Is there a way to specify the PDEP/PEXT instructions efficiently in SMTlib bitvector syntax?

My best attempt for PEXT ends up with something to the tune of: "Iff bit N in mask is set, then bit count_bits(mask[0..N]) in the result is equal to bit N in the input value.". But this requires a way to count bits, which isn't available in QF_BV.

Similarly for PDEP I end up with something like: "Iff bit N in mask is set, then bit N in the result is equal to bit count_bits(mask[0..N]) in the input value." Which again, requires counting bits.

I could write a naive bit counting function, but that would probably require evaluating all bits in the bitvector one-by-one. The entire specification would end up being O(N^2), which shouldn't be necessary.

Intel gives this implementation for PDEP:

TEMP := SRC1;
MASK := SRC2;
DEST := 0 ;
m := 0, k := 0;
DO WHILE m < OperandSize
    IF MASK[ m] = 1 THEN
        DEST[ m] := TEMP[ k];
        k := k+ 1;
    FI
    m := m+ 1;
OD

...but I am having trouble translating the while loop to SMTlib syntax.


Solution

  • When programming symbolically, you can't really avoid this sort of complexity. Note that your implementation must work correctly for all symbolic values of the input and the mask: Without having a concrete value for these, it's pointless to optimize: The solver will have to consider all possible paths, and hence optimization tricks don't really work. (You can think of symbolic simulation as "running for all possible inputs," so no shortcuts apply.)

    So, instead of focussing on the complexity of the loop, simply write the necessary constraints on the final value. Unfortunately SMTLib isn't terribly a good choice for this sort of programming, as it doesn't allow for many usual programming idioms. But that's precisely why we have programmable API's built on top of solvers. Z3 can be scripted from many languages, including C/C++/Python/Haskell/Java.. etc.; so I'd recommend using a language you're most familiar with and learning the bindings there.

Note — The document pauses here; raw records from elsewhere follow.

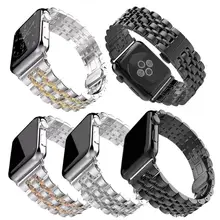 100 шт. Нержавеющая сталь 7 Points, ремешок для наручных часов для Apple Watch, версии 4/3/2/1 38 мм 42 мм наручных часов Iwatch, ремешок черный, Серебристый Цвет Бабочка застежка браслета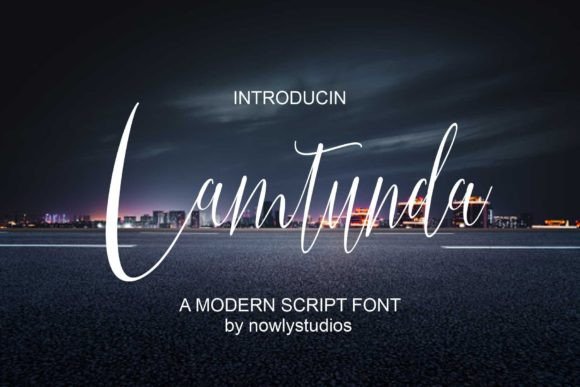 Lamtunda: A Script Font That Elevates Campaign Design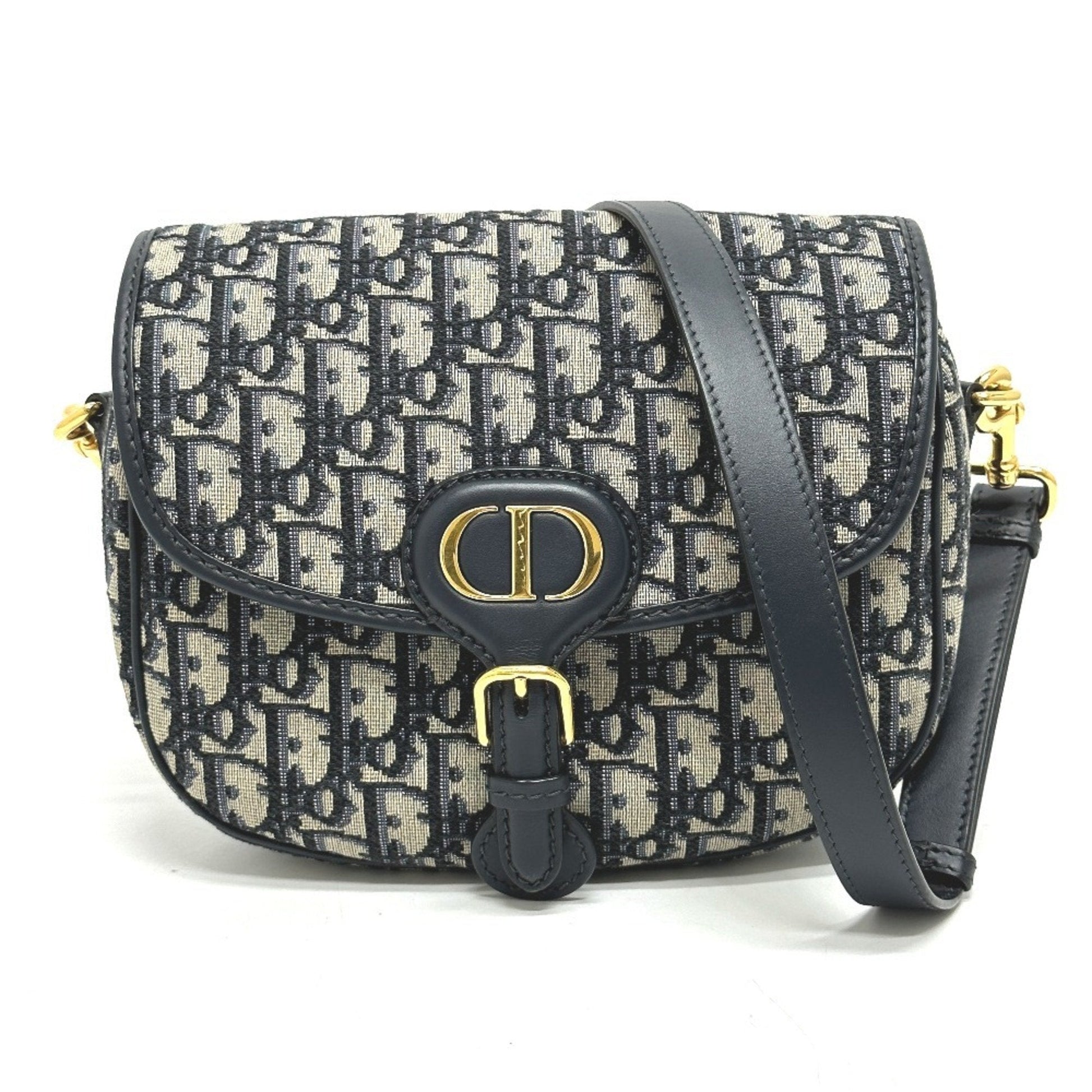 Christian Dior Gray Leather Shoulder Bag  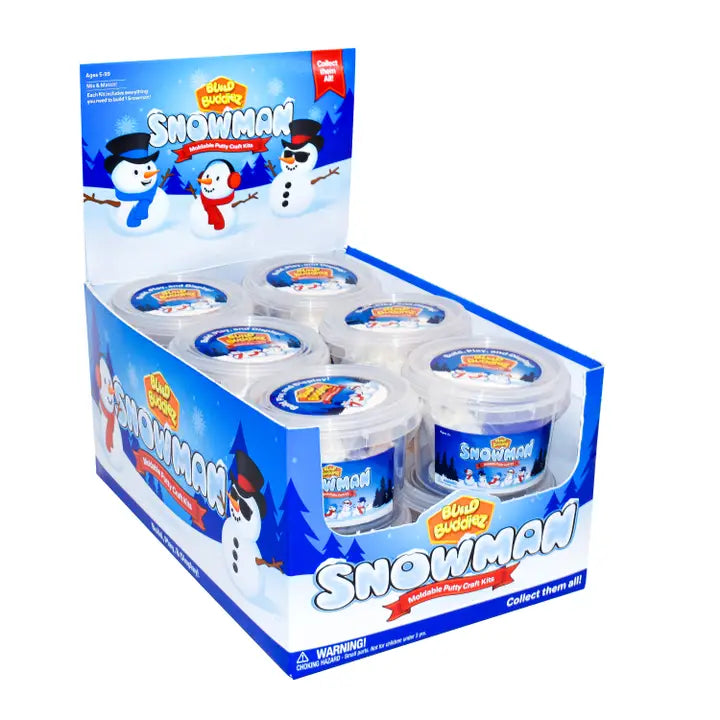 BUILD BUDDIEZ SNOWMAN CRAFT KIT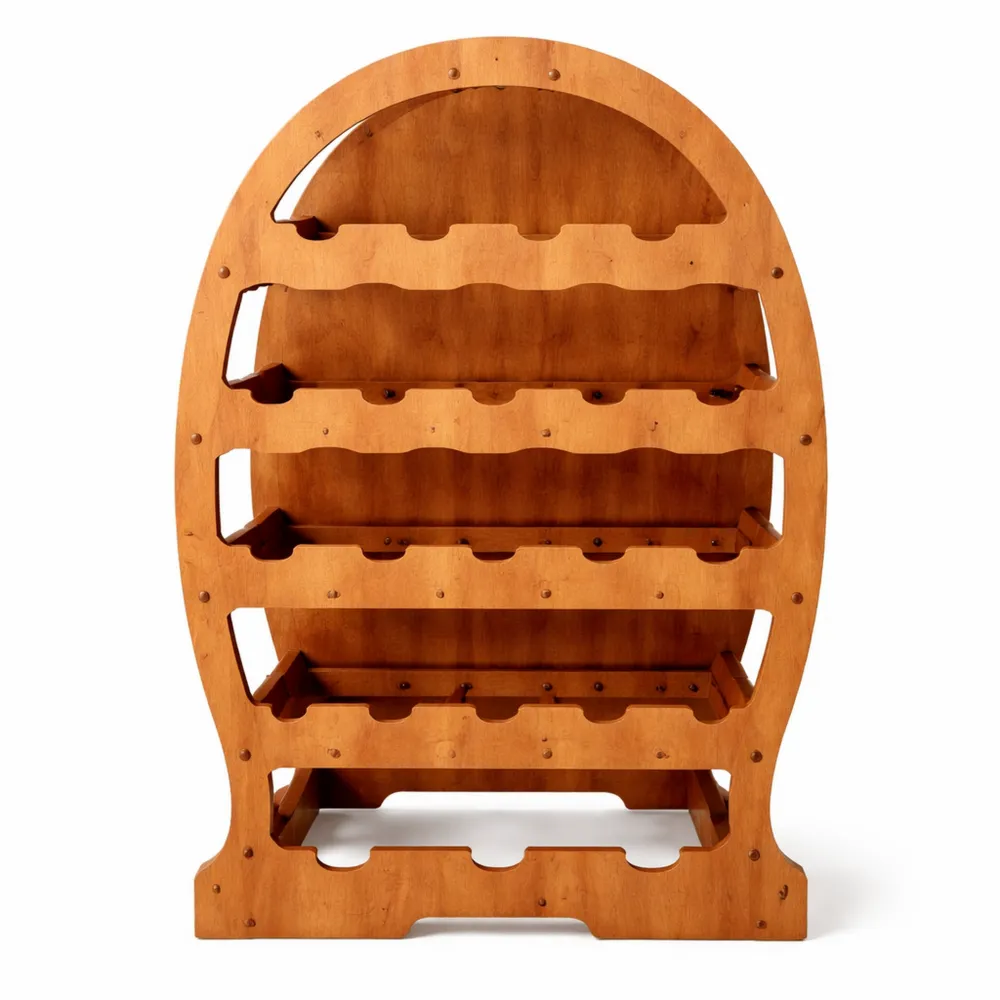 Cantinetta Portabottiglie in Legno per 23 Bottiglie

    Based on this, I'll show how to code PEXT using both the popular Python API, and also the Haskell version. At the end, I'll also show how to do this in SMTLib by generating the code, which might come in handy. Note that I haven't extensively tested these, so while I trust the basic implementation is correct, you should double check before using it for anything serious.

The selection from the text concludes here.